8/3/10

una historia de amor


En nuestra parroquia, cerca de la puerta de entrada, un monaguillo limosnero recibe a los fieles. A fuerza de verlo ahí, quieto sobre su peana, la mayoría no le presta demasiada atención; sólo los niños y algunas ancianas hacen repiquetear alguna vez su caja de madera. Pero él sigue sonriendo y esperando.
A Joana le gusta ocupar el banco que queda justo detrás del monaguillo. A mí me parece bien: ni demasiado lejos como para olvidar dónde está, ni demasiado cerca como para robarle el protagonismo al sacerdote.
Se ha traído un libro. Así, se entretiene en silencio mientras el sacerdote habla o la grey responde. Pero el libro termina demasiado pronto. Joana se levanta y se pone a mi lado, delante de mí, al otro lado, sobre mis rodillas. La siento a mi lado y la miro con cara de "estate un poco quieta, por favor". Lo entiende.

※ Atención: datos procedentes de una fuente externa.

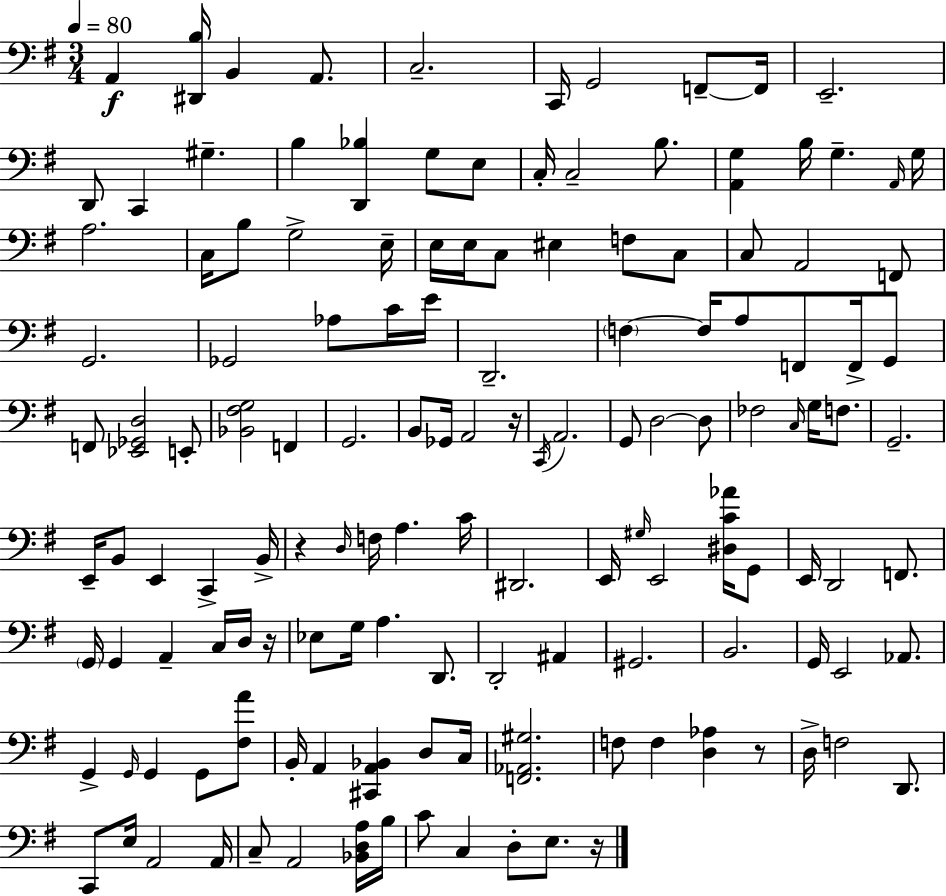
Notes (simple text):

A2/q [D#2,B3]/s B2/q A2/e. C3/h. C2/s G2/h F2/e F2/s E2/h. D2/e C2/q G#3/q. B3/q [D2,Bb3]/q G3/e E3/e C3/s C3/h B3/e. [A2,G3]/q B3/s G3/q. A2/s G3/s A3/h. C3/s B3/e G3/h E3/s E3/s E3/s C3/e EIS3/q F3/e C3/e C3/e A2/h F2/e G2/h. Gb2/h Ab3/e C4/s E4/s D2/h. F3/q F3/s A3/e F2/e F2/s G2/e F2/e [Eb2,Gb2,D3]/h E2/e [Bb2,F#3,G3]/h F2/q G2/h. B2/e Gb2/s A2/h R/s C2/s A2/h. G2/e D3/h D3/e FES3/h C3/s G3/s F3/e. G2/h. E2/s B2/e E2/q C2/q B2/s R/q D3/s F3/s A3/q. C4/s D#2/h. E2/s G#3/s E2/h [D#3,C4,Ab4]/s G2/e E2/s D2/h F2/e. G2/s G2/q A2/q C3/s D3/s R/s Eb3/e G3/s A3/q. D2/e. D2/h A#2/q G#2/h. B2/h. G2/s E2/h Ab2/e. G2/q G2/s G2/q G2/e [F#3,A4]/e B2/s A2/q [C#2,A2,Bb2]/q D3/e C3/s [F2,Ab2,G#3]/h. F3/e F3/q [D3,Ab3]/q R/e D3/s F3/h D2/e. C2/e E3/s A2/h A2/s C3/e A2/h [Bb2,D3,A3]/s B3/s C4/e C3/q D3/e E3/e. R/s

Aguanta un par de minutos sentada. Descubre que entre nuestro banco y el monaguillo limosnero existe un espacio diminuto por el que tal vez pueda pasar. Se sube a la peana, abrazada al monaguillo y empieza a rodearlo, pasito a pasito, buscando quedar frente a él. La veo, claro, pero la peana y la figura entera me parecen suficientemente pesadas como para no temer el barullo de una caída aparatosa. La dejo hacer. Ahora ya está frente al monaguillo. Subida a su mismo pedestal de madera quedan casi a la misma altura, aunque el monaguillo es un poco más alto. Por eso, Joana tiene que alzar un poco los brazos para enlazar su cuello. Y así abrazada le planta un beso en los labios y, como una heroina romántica, baja el escalón y vuelve tranquila a mi lado.
Y por un momento da la sensación de que al monaguillo se le salen los colores.